■ Directions
Could you retype every line below exactly, omitting the images?

■ Supplied material
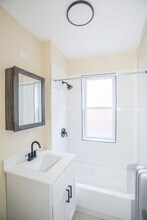 4019 W School St in Chicago, IL - Building Photo - Building Photo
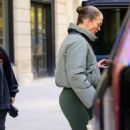 Jennifer Lopez – Leaving her apartment in New York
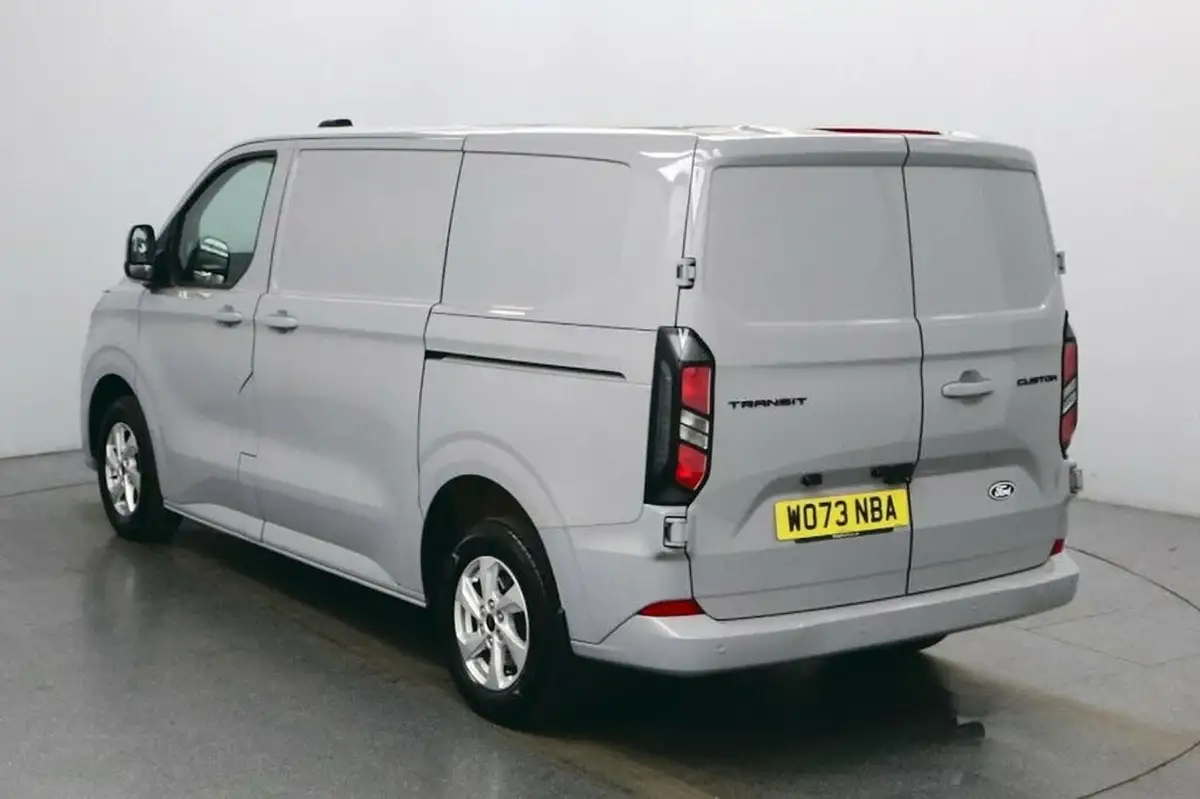 2023-ford-transit-custom-20tdci-320-l1h1-limited-136pseu6e-panel-van-1996cc-auto-big-5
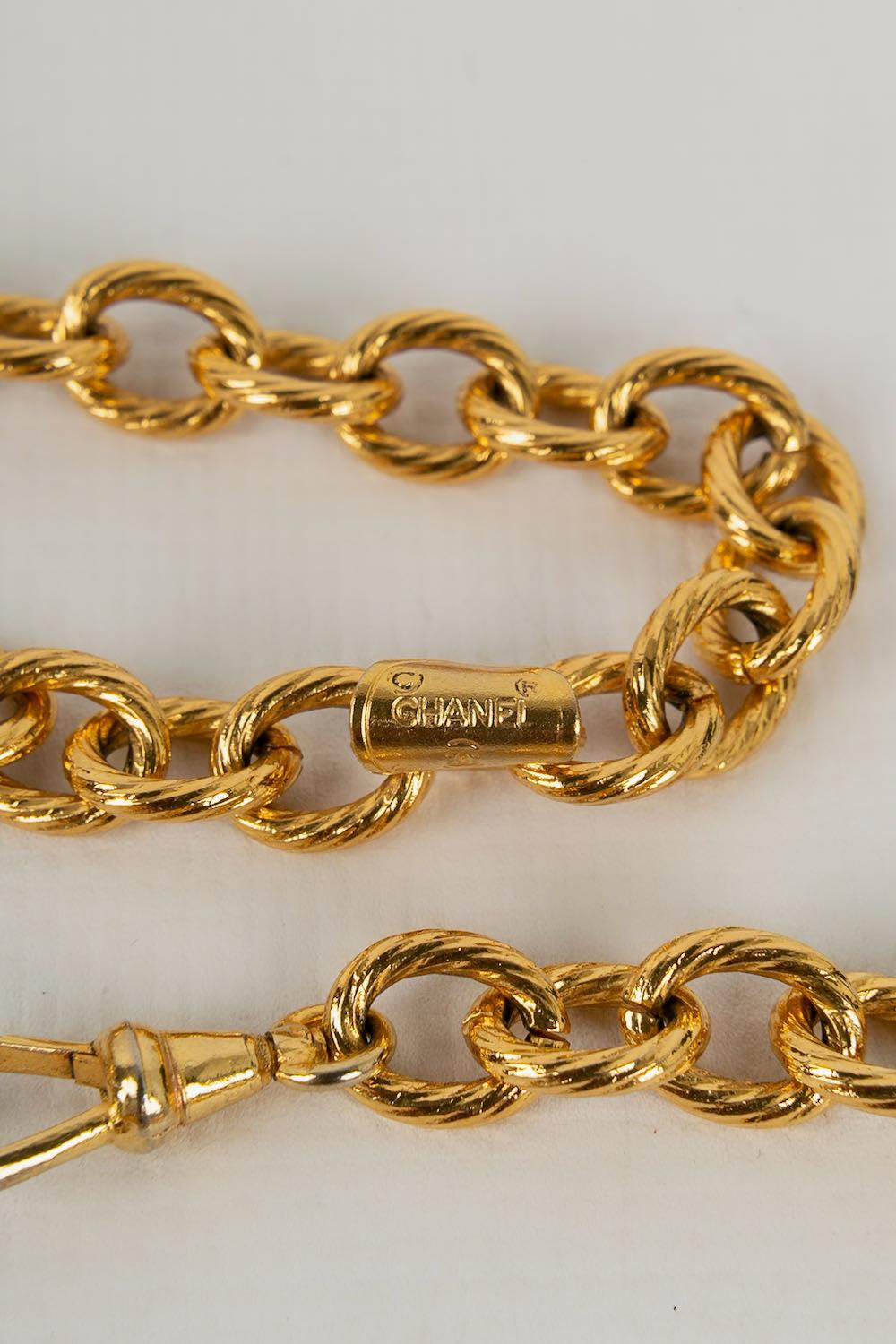 Chanel Collier à breloques en métal doré en vente 4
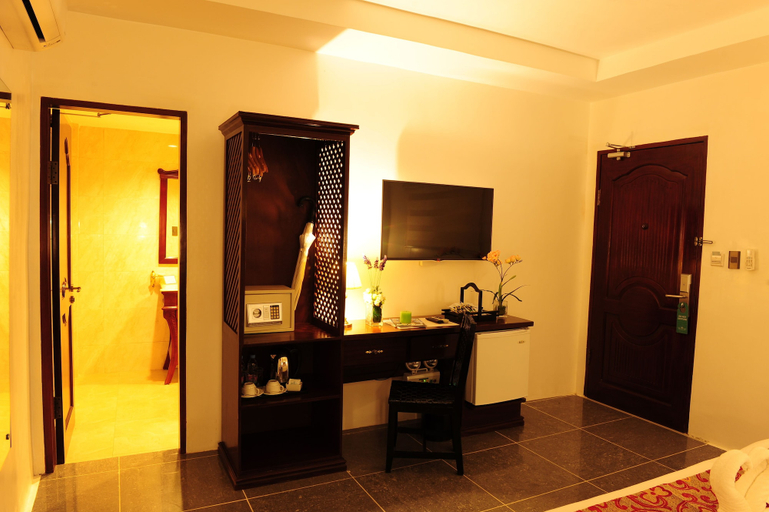 Bathroom 5, Boracay Summer Palace, Malay
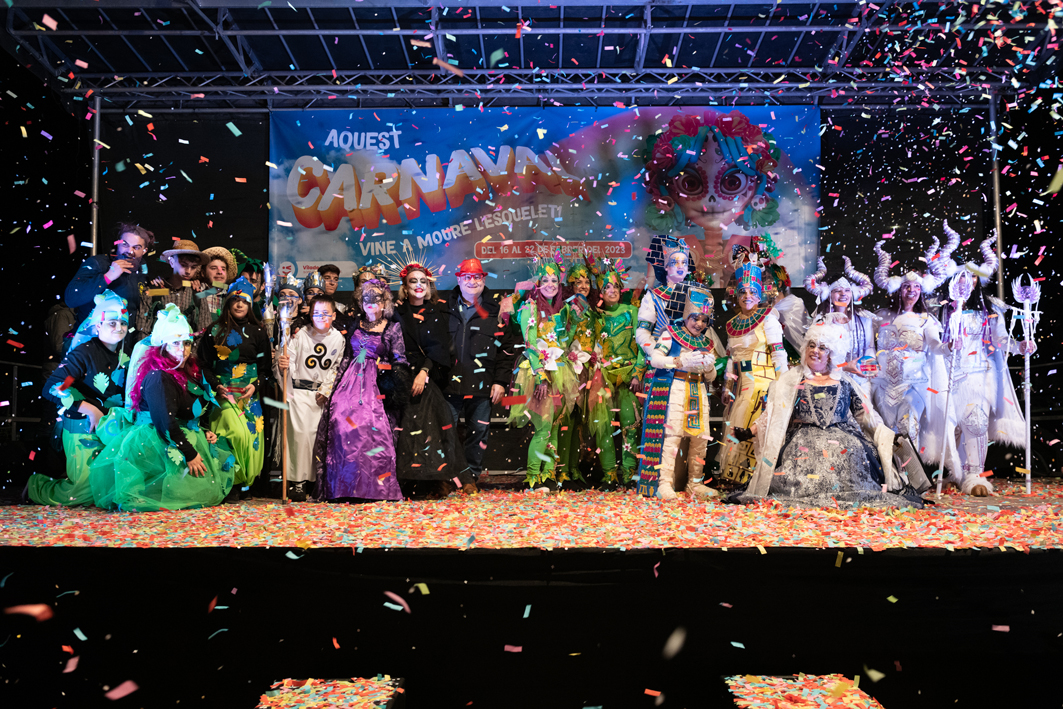 Viladecans celebra el Carnaval amb prop de 2.000 participants a la rua, que allarga el seu recorregut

■ Exercise solution
 4019 W School St in Chicago, IL - Building Photo - Building Photo
 Jennifer Lopez – Leaving her apartment in New York
 2023-ford-transit-custom-20tdci-320-l1h1-limited-136pseu6e-panel-van-1996cc-auto-big-5
 Chanel Collier à breloques en métal doré en vente 4
 Bathroom 5, Boracay Summer Palace, Malay
 Viladecans celebra el Carnaval amb prop de 2.000 participants a la rua, que allarga el seu recorregut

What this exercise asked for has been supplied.